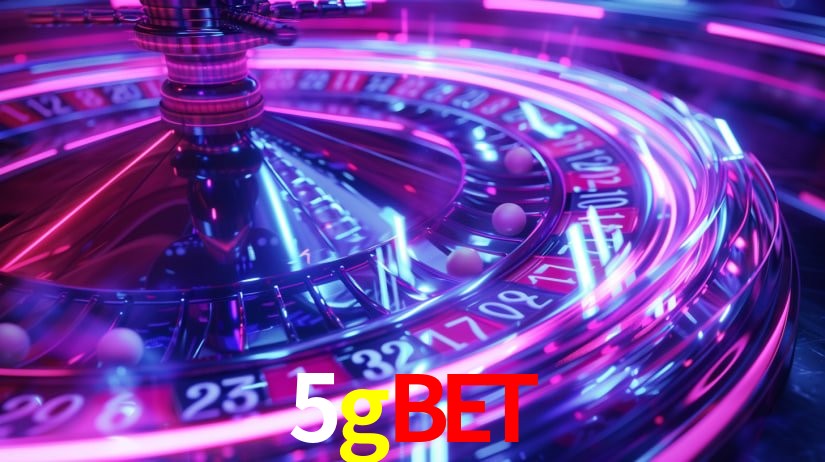 A Emoção da Loteria na 5gbet: Uma Chance de Mudança de Vida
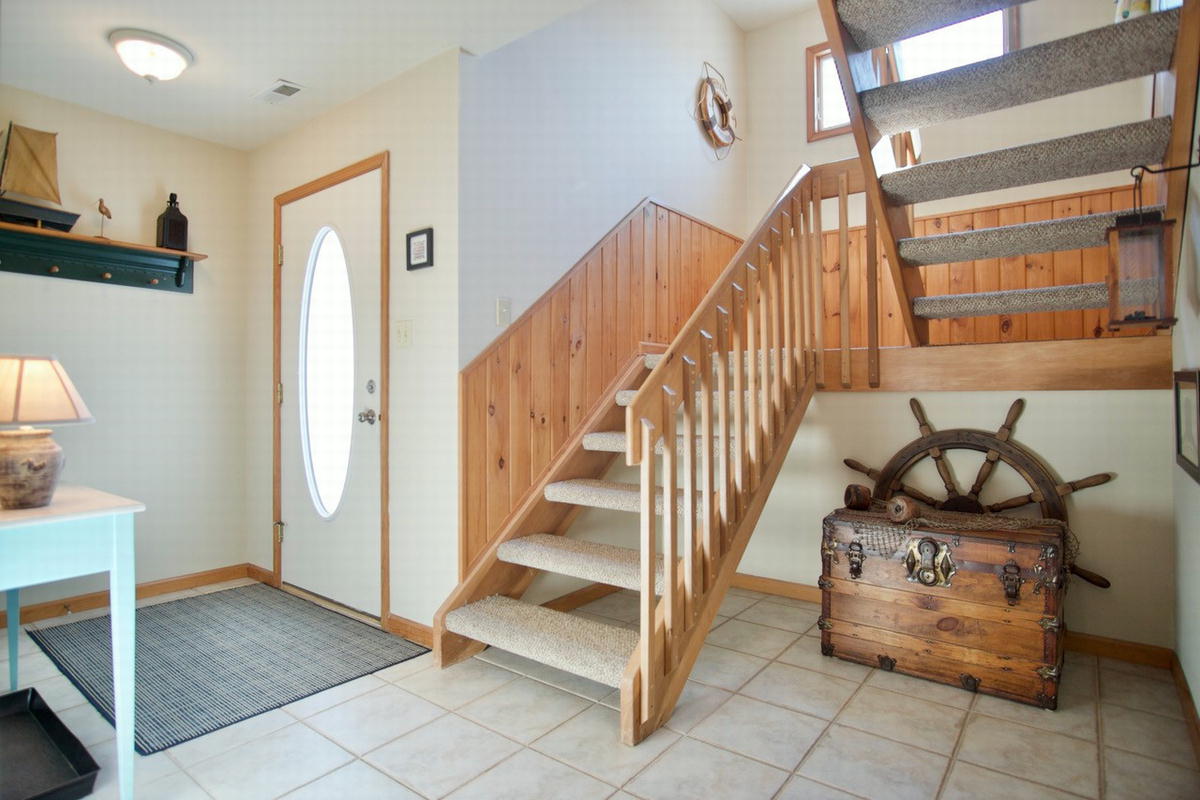 7213 Central Avenue, East - Sea Isle City | Sea Isle City Vacation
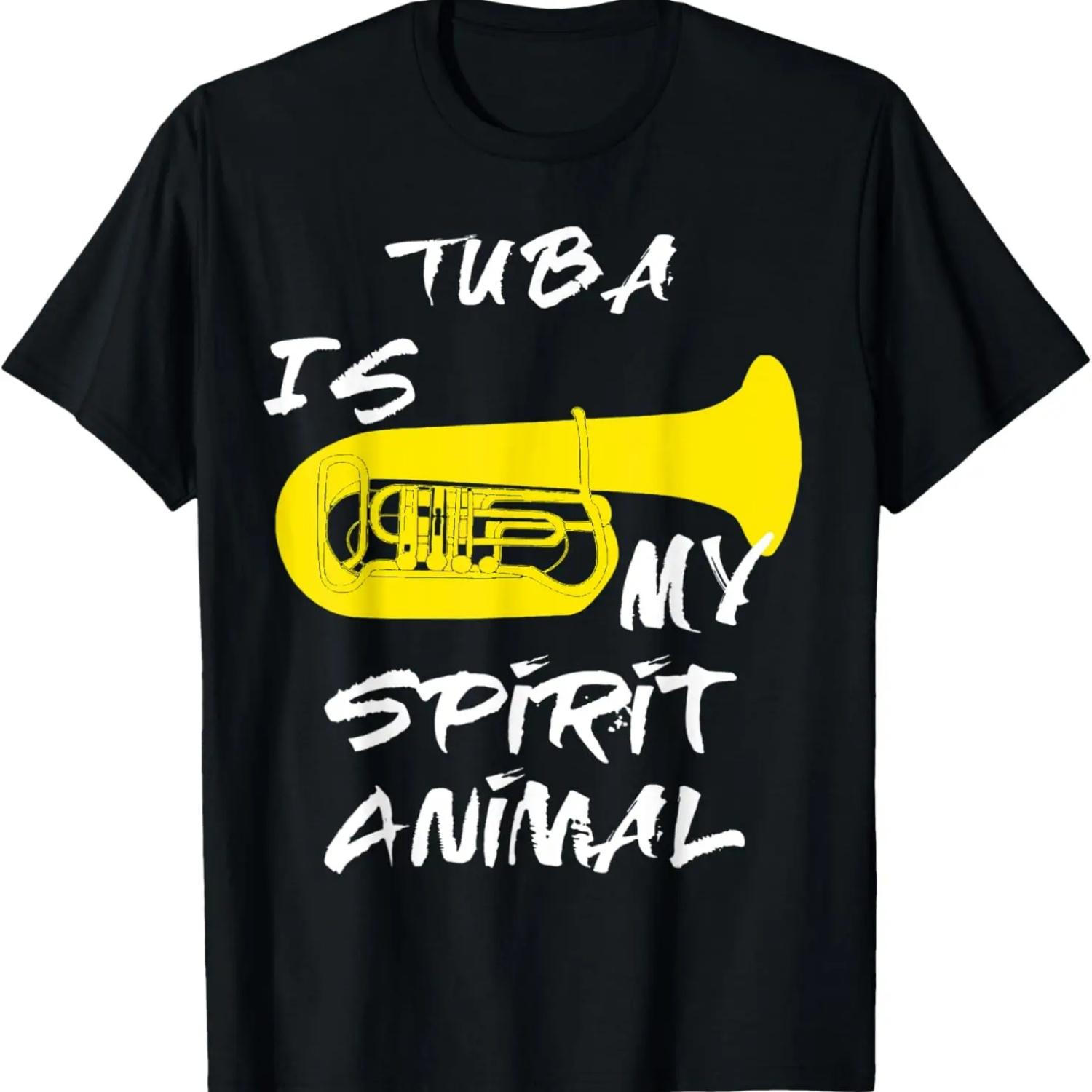 Official Merchandise - Why T-Shirt S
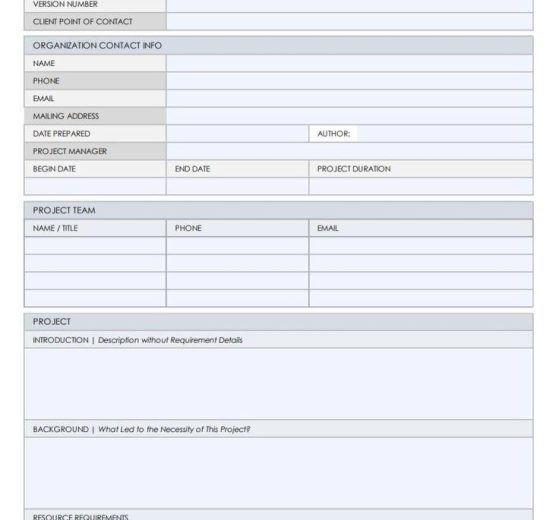 Unlocking Style: Essential Dressing Tips from Top Fashion Bloggers You Need to Know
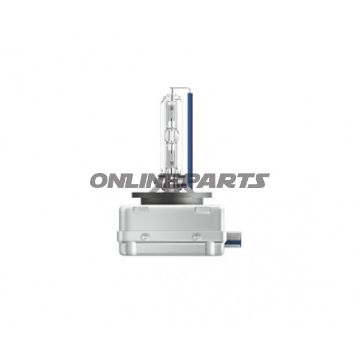 Bulb 25W D8s Pk32d-1 Osr
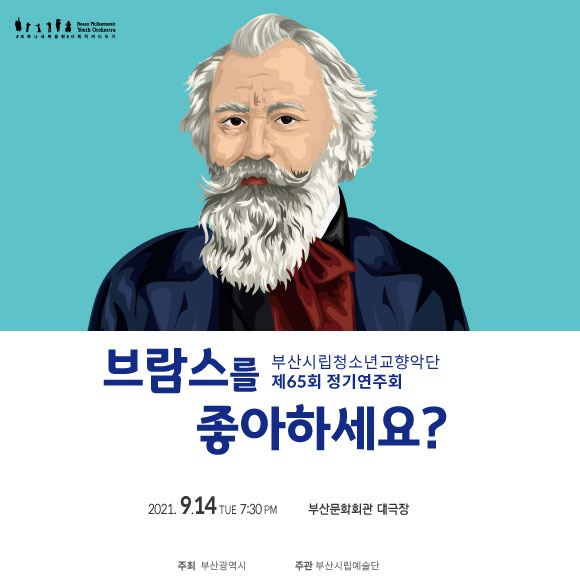 소개 이미지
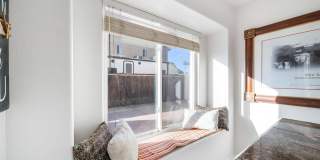 68845 Durango Rd Gallery 29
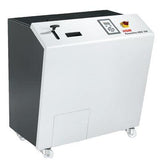 HSM HDS 150-2 Hard Drive Shredder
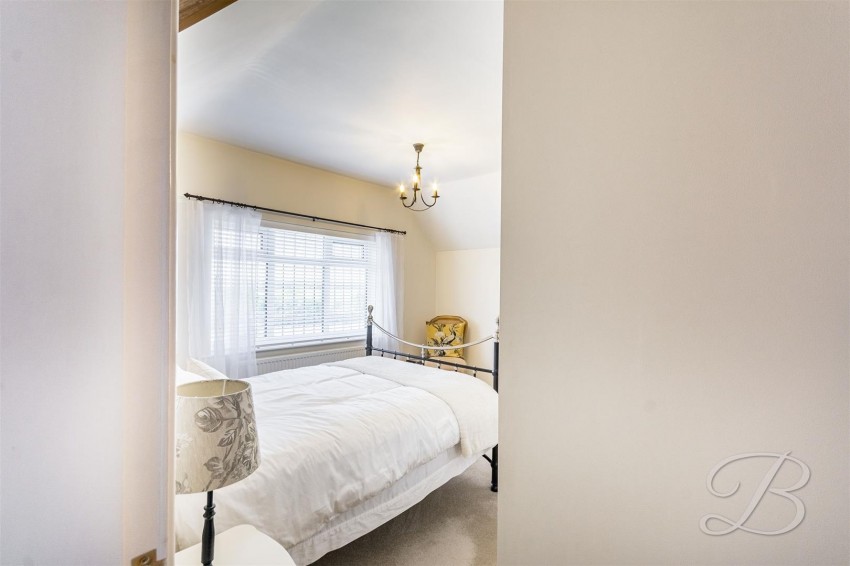 Images for Southwell Road East, Rainworth, Mansfield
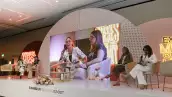 democracia y poder expansion summit mujeres 2026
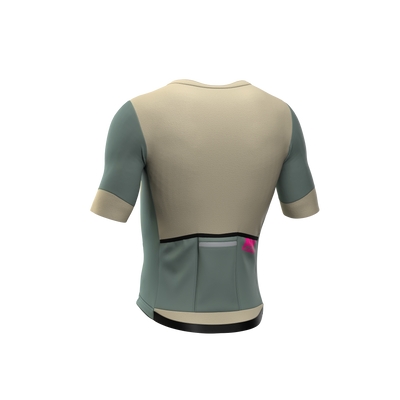 Maglia M/C Empty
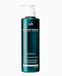 Lador Wonder Bubble (Wonder Moisture Shampoo) 250 ml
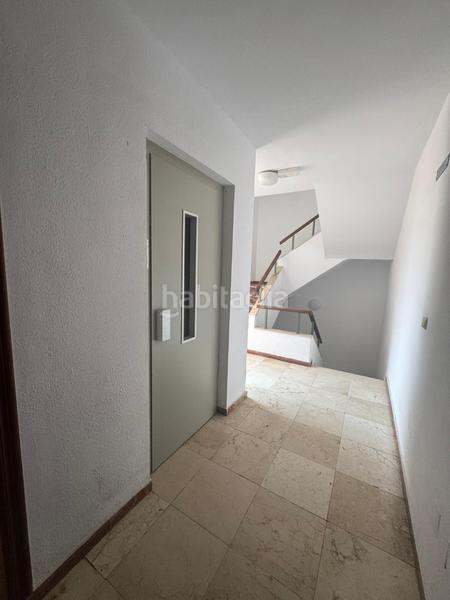 Foto 69d47acb-3325-43e8-831f-f942b1793782. Location appartement dans calle asturias 31 dans Puerto Deportivo Fuengirola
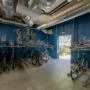 slo-hostel-service-bike-room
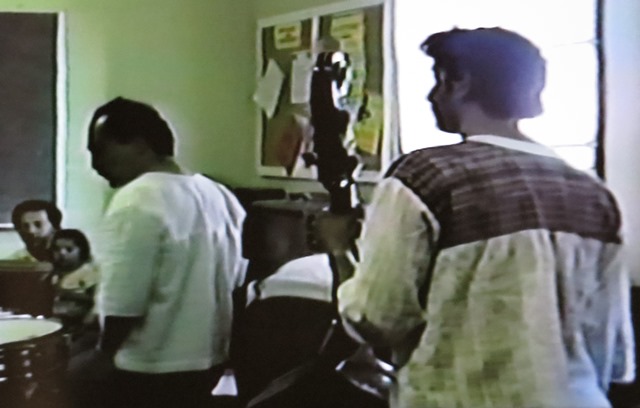 ???????????????????????????????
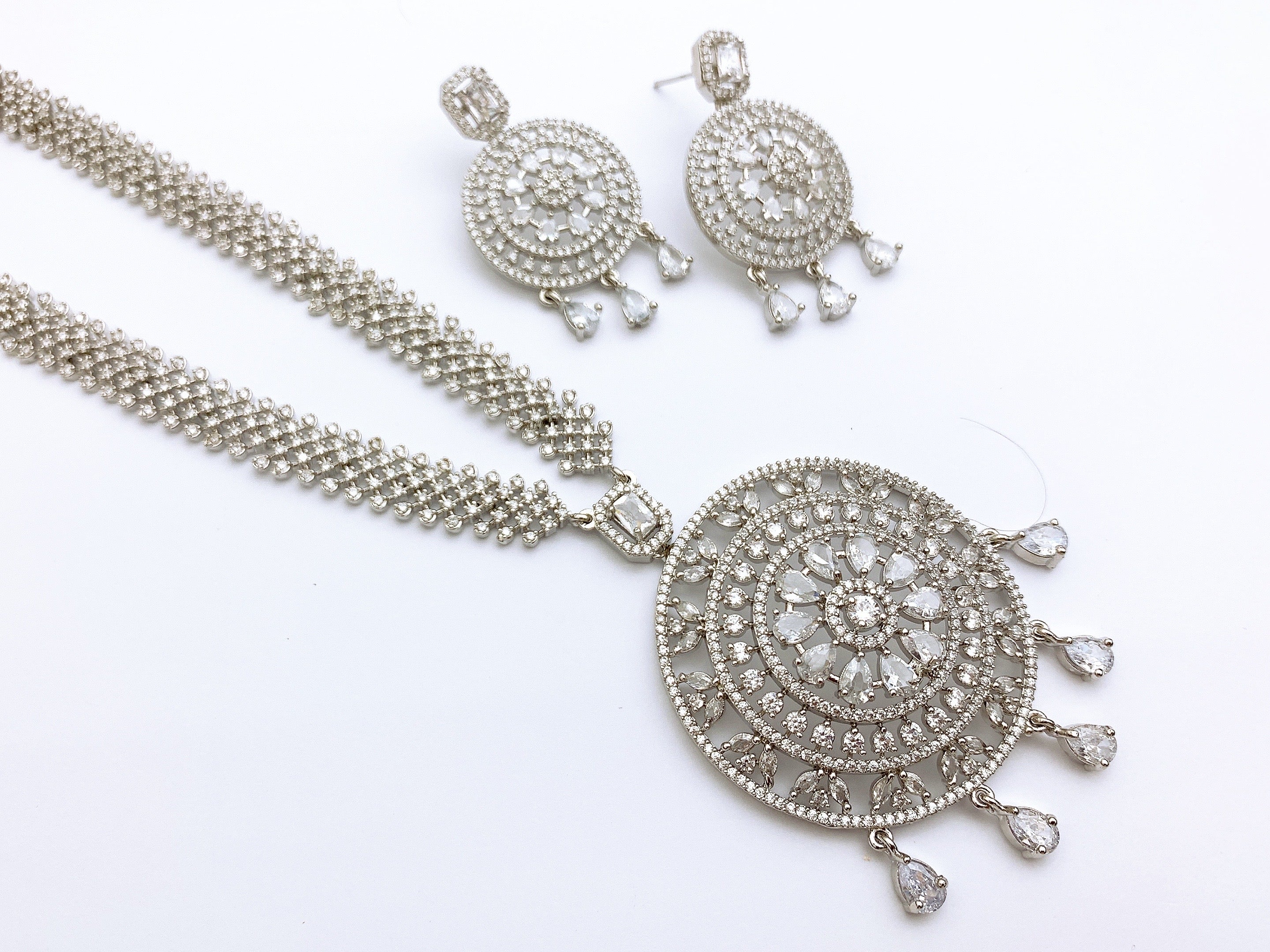 Malah set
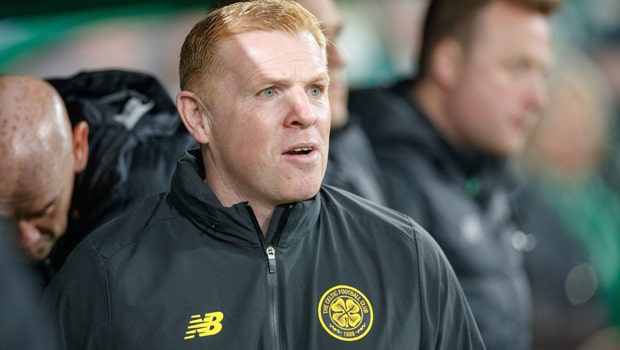 Neil-Lennon-Celtic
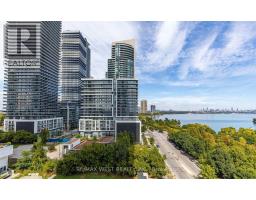 702 - 20 Shore Breeze Drive, Toronto, ON M8V0C7 Photo 33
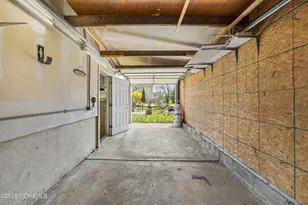 30 Ash Dr, Neptune Township, NJ 07753 - Photo 44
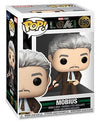 Loki - Mobius Pop! Vinyl Figure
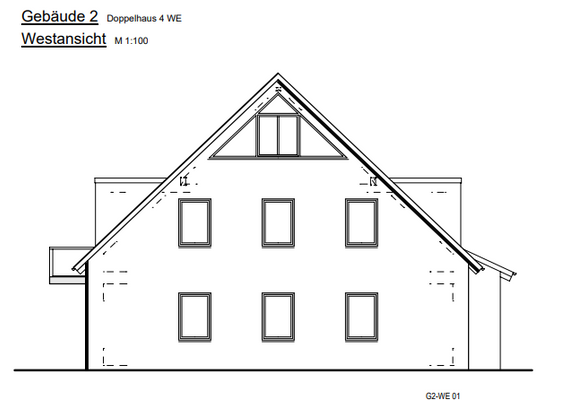 0151-2024 GIEBELSEITE WEST.png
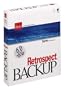 Dantz Dev. RETROSPECT 6.1 SERVER MAC ( GU10A600000 )
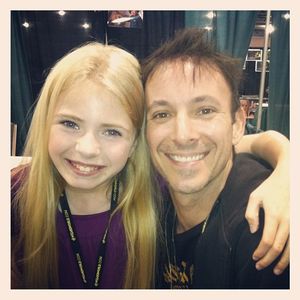 Image post by @theaddymiller on Instagram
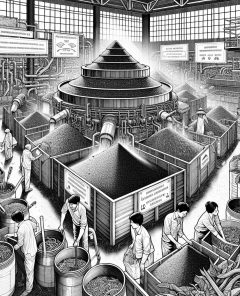 ai-compost-distribution
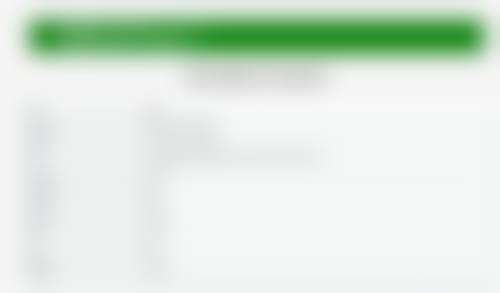 海口秀英济贞口腔诊所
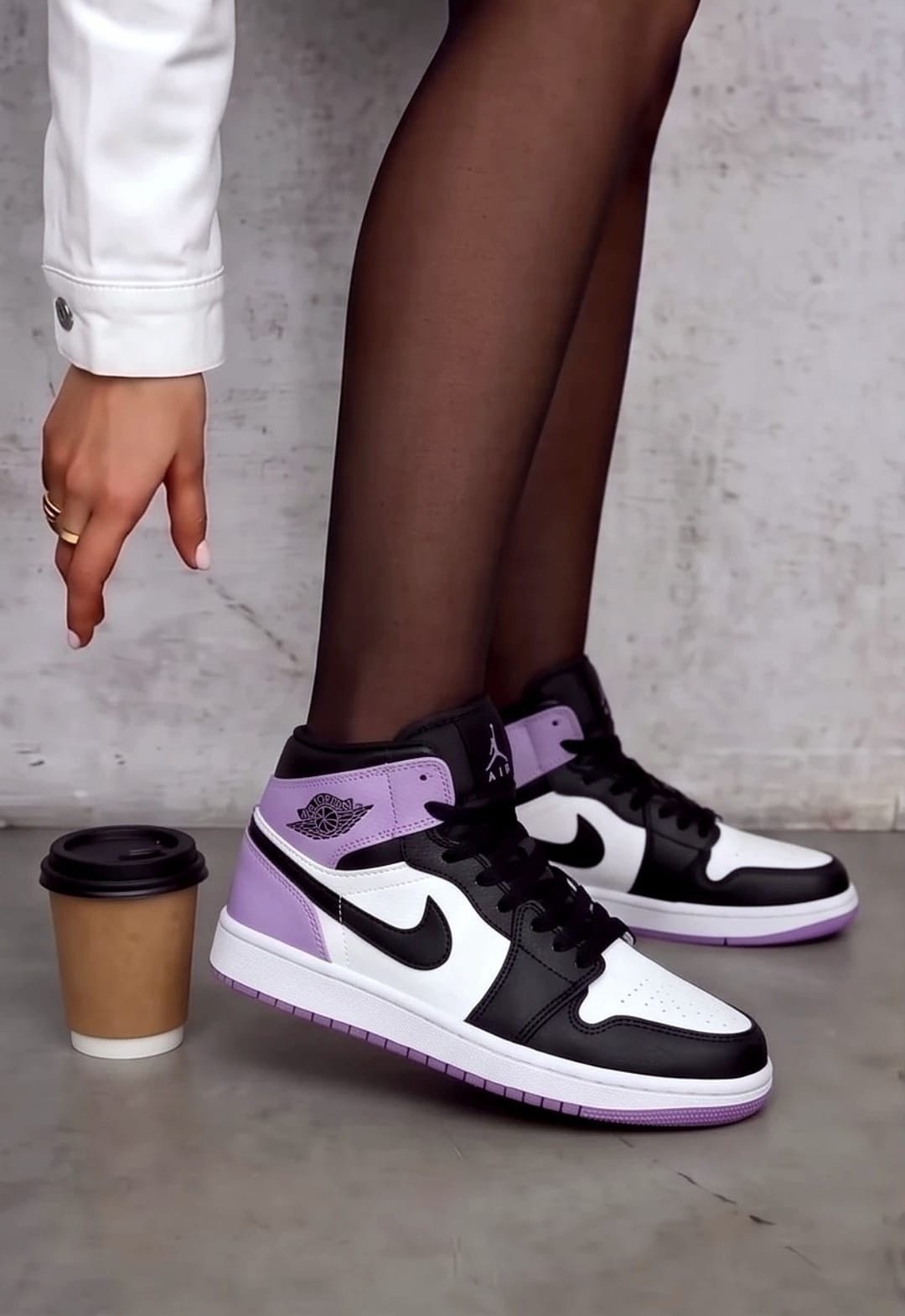 air jordan 1 mid pine green,nike air jordan 1 mid pine green,nike air jordan 1 pine green,кроссовки спортивные nike air jordan 1 кеды высокие,nike air jordan 1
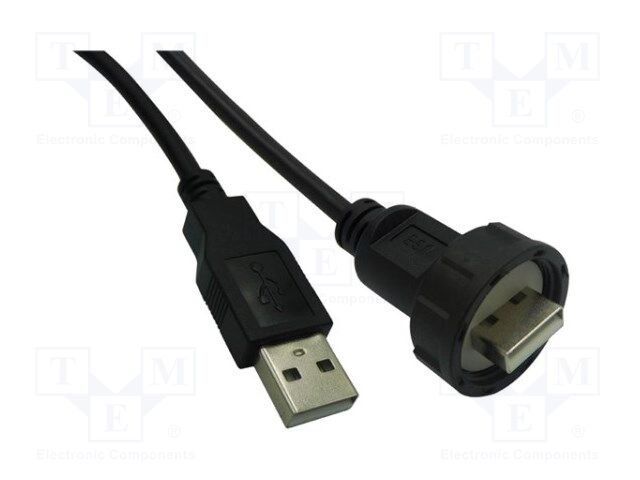 67U2AC-006-K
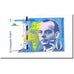 France, 50 Francs, St Exupéry, 1994, UNC(63), Fayette:73.1d, KM:157Aa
◆ ◆ ◆
**EXERCISE:** Nothing but the lines from the beginning of the material above through the line containing "slo-hostel-service-bike-room" should appear in the answer, copied exactly and free of pictures.

**SOLUTION TO THIS EXERCISE:**
 A Emoção da Loteria na 5gbet: Uma Chance de Mudança de Vida
 7213 Central Avenue, East - Sea Isle City | Sea Isle City Vacation
 Official Merchandise - Why T-Shirt S
 Unlocking Style: Essential Dressing Tips from Top Fashion Bloggers You Need to Know
 Bulb 25W D8s Pk32d-1 Osr
 소개 이미지
 68845 Durango Rd Gallery 29
 HSM HDS 150-2 Hard Drive Shredder
 Images for Southwell Road East, Rainworth, Mansfield
 democracia y poder expansion summit mujeres 2026
 Maglia M/C Empty
 Lador Wonder Bubble (Wonder Moisture Shampoo) 250 ml
 Foto 69d47acb-3325-43e8-831f-f942b1793782. Location appartement dans calle asturias 31 dans Puerto Deportivo Fuengirola
 slo-hostel-service-bike-room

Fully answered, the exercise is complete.